More generally, let $d$ be any positive integer. Then by the same reasoning all but finitely many primes must lie in one of the $\varphi(d)$ reduced residue classes modulo $d$. Since there are $d$ residue classes modulo $d$ in all, this shows that the "probability" that a large number is prime is at most $\frac{\varphi(d)}{d}$. It is not hard to show that for all $\epsilon > 0$, there exists $N \in \mathbb{Z}^+$ such that $\frac{\varphi(d)}{d} < \epsilon$. This shows that the "probability that a large number is prime" is zero -- or, when this probability business is made rigorous by recasting it in terms of density -- that the prime numbers have zero density inside the positive integers:

$\lim_{n \rightarrow \infty} \frac{ \pi(n)}{n} = 0$.
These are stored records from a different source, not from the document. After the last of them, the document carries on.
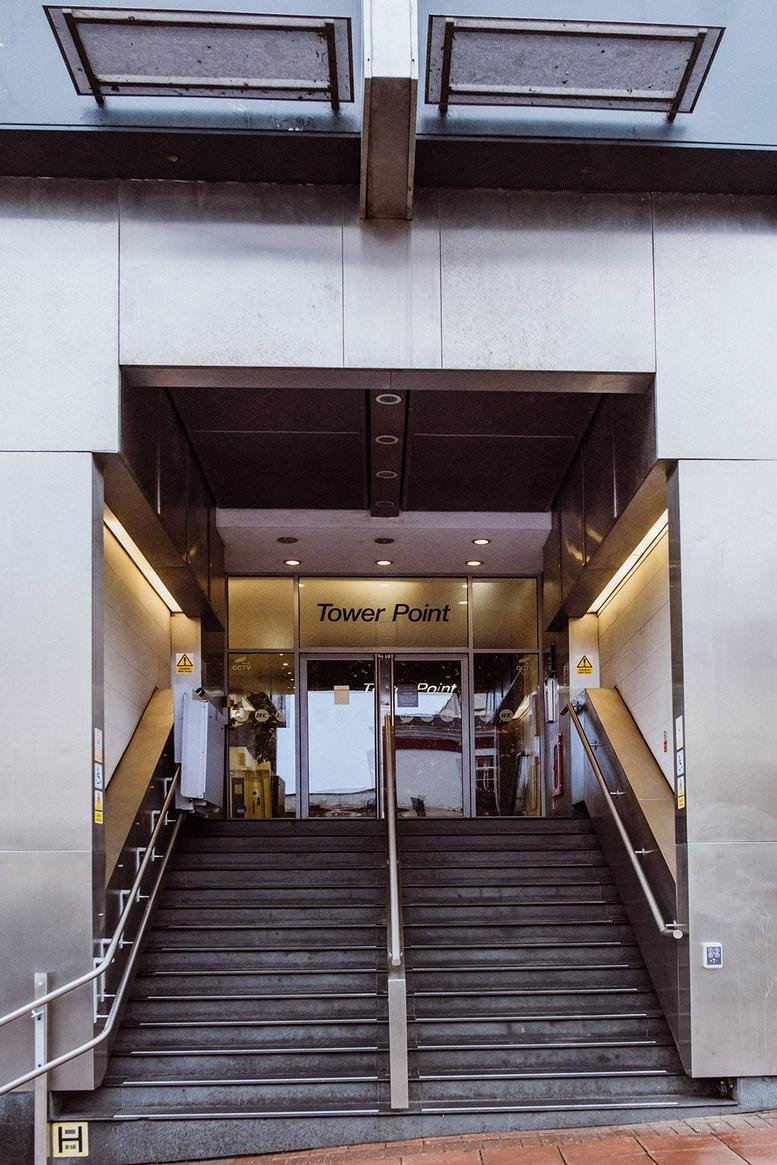 Sleek entrance steps leading into the Tower Point building with modern metal finishes.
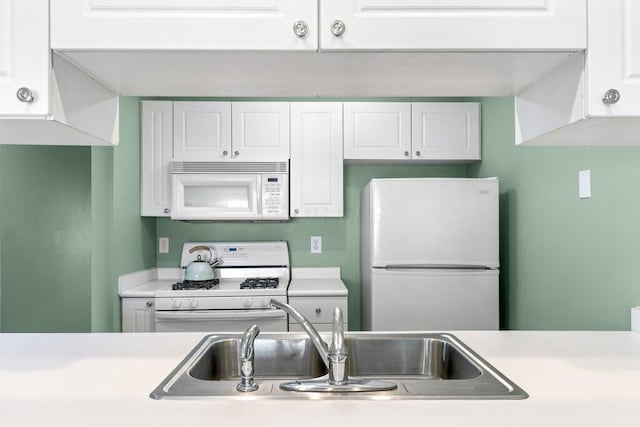 4635 Shalers Dr Unit 44D, Columbus, OH 43228 - kitchen featuring white appliances, light countertops, and white cabinetry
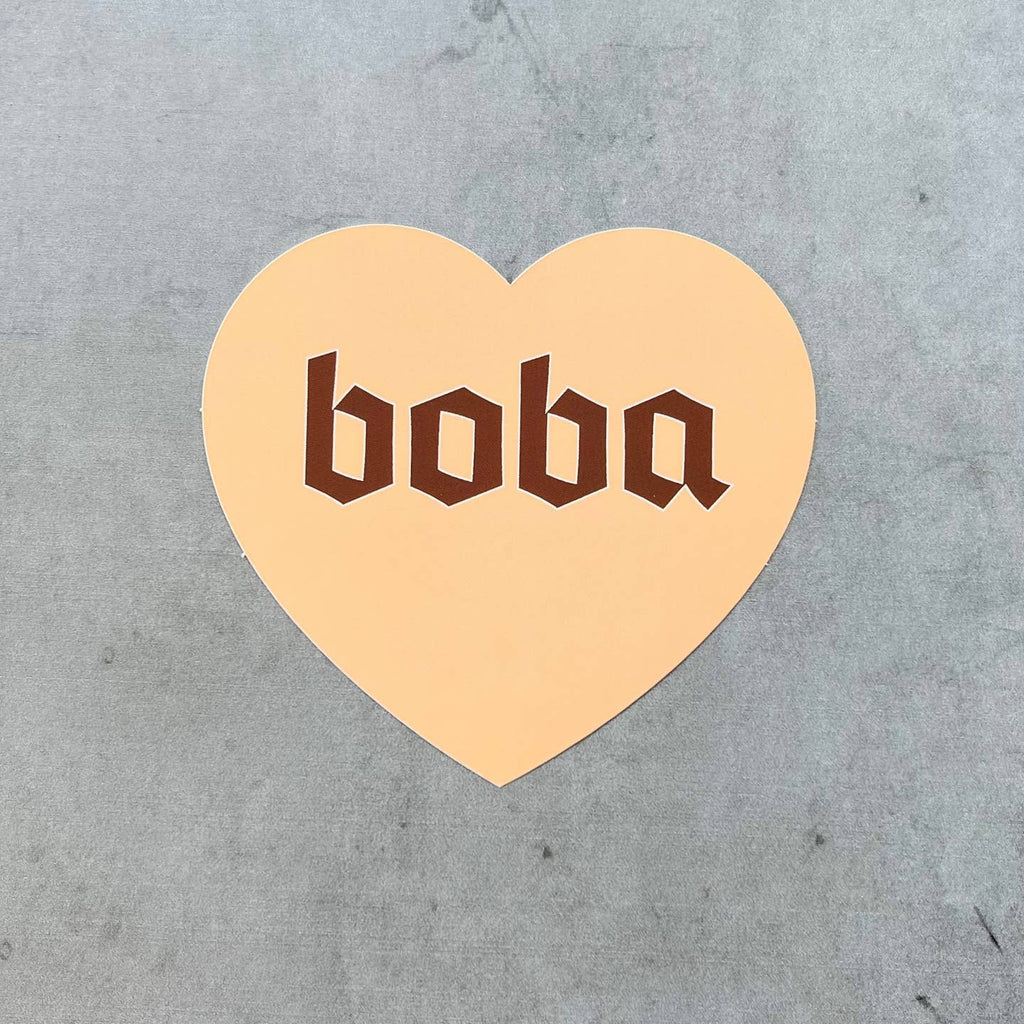 Heart shaped decorative sticker with peach background and brown text says, "Boba". 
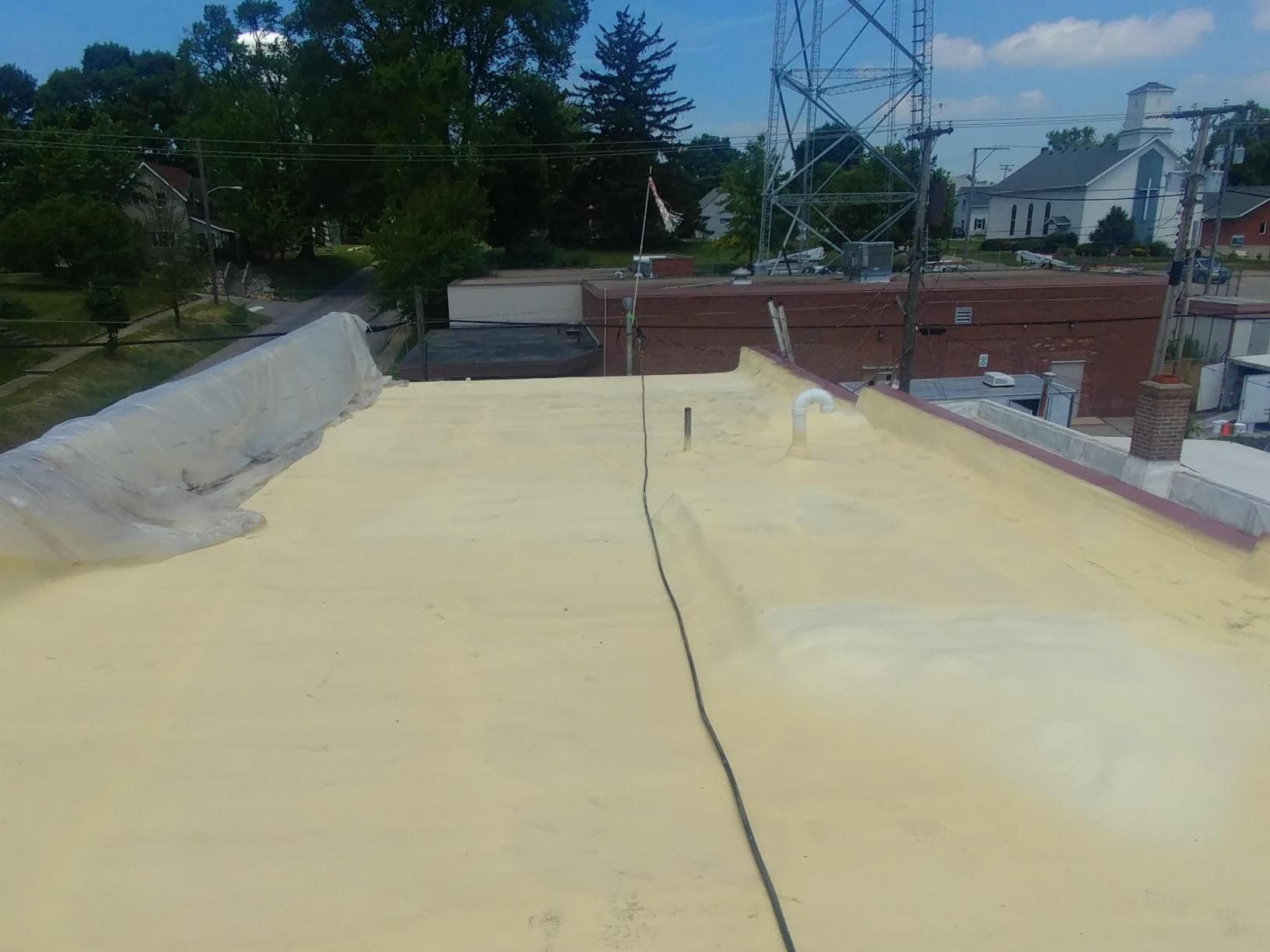 The roof of a building is covered in yellow foam.
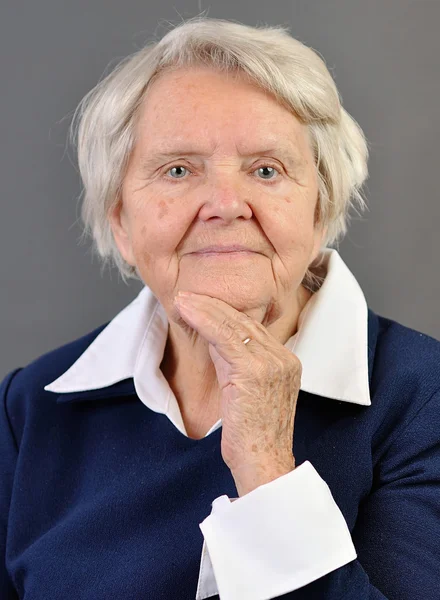 Senior gelukkig vrouw met grijze haren tegen de grijze achtergrond. — Stockfoto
(This is a weak consequence of the Prime Number Theorem, but as we saw, one certainly need not know PNT in order to prove it.)

This argument is given in $\S 3$ of these notes from an undergraduate number theory course. The argument seems not to be entirely standard, but I think it is an appealingly direct way to show that the primes have density zero. There is also a funny irony here in that the way to see the above claim about the $\varphi$ function is to take $N = p_1 \cdots p_k$ for large $k$ (the argument is given in $\S 3$ of this other handout). Thus, in order to show that the primes have density zero, we are using the fact that there are infinitely many of them. Well, if we happened not to know that, then we would divide the proof into two cases: in case there were only finitely many primes, their density would clearly be zero!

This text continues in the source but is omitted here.